▸ Dataset excerpt:

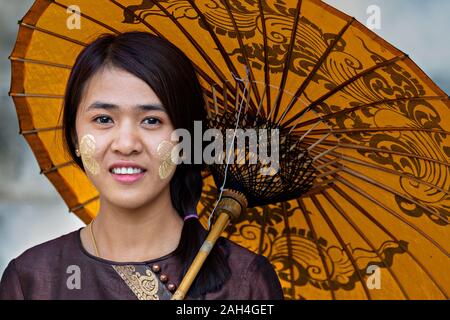 Local girl with thanaka on her face, in Mandalay, Myanmar. Thanaka is cosmetic paste made from ground bark Stock Photo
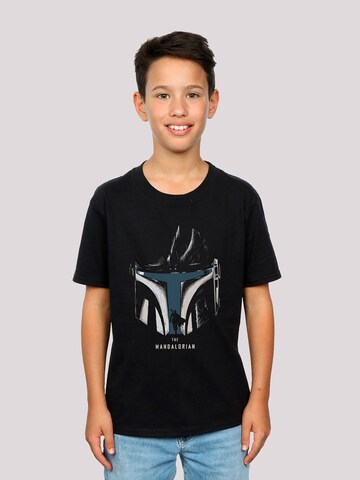 F4NT4STIC Shirt 'Star Wars The Mandalorian Helmet Silhouette' in Zwart: voorkant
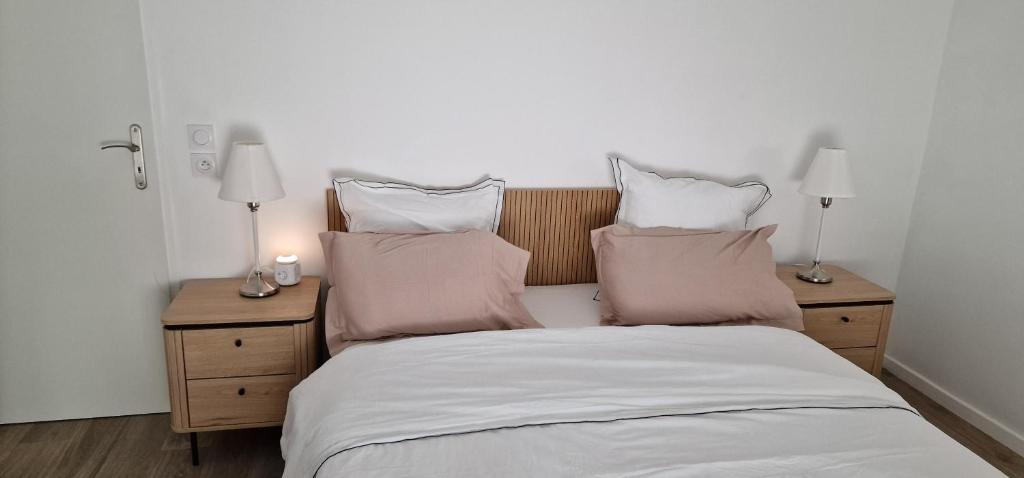 ein Schlafzimmer mit einem Bett mit Kissen und zwei Lampen in der Unterkunft Hebergement DEUX pièces en résidence propre et calme in Lieusaint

▸ Your goal:
Write out the whole listing exactly. Pictures stay out.

▸ Solution to this problem:
 Local girl with thanaka on her face, in Mandalay, Myanmar. Thanaka is cosmetic paste made from ground bark Stock Photo
 F4NT4STIC Shirt 'Star Wars The Mandalorian Helmet Silhouette' in Zwart: voorkant
 ein Schlafzimmer mit einem Bett mit Kissen und zwei Lampen in der Unterkunft Hebergement DEUX pièces en résidence propre et calme in Lieusaint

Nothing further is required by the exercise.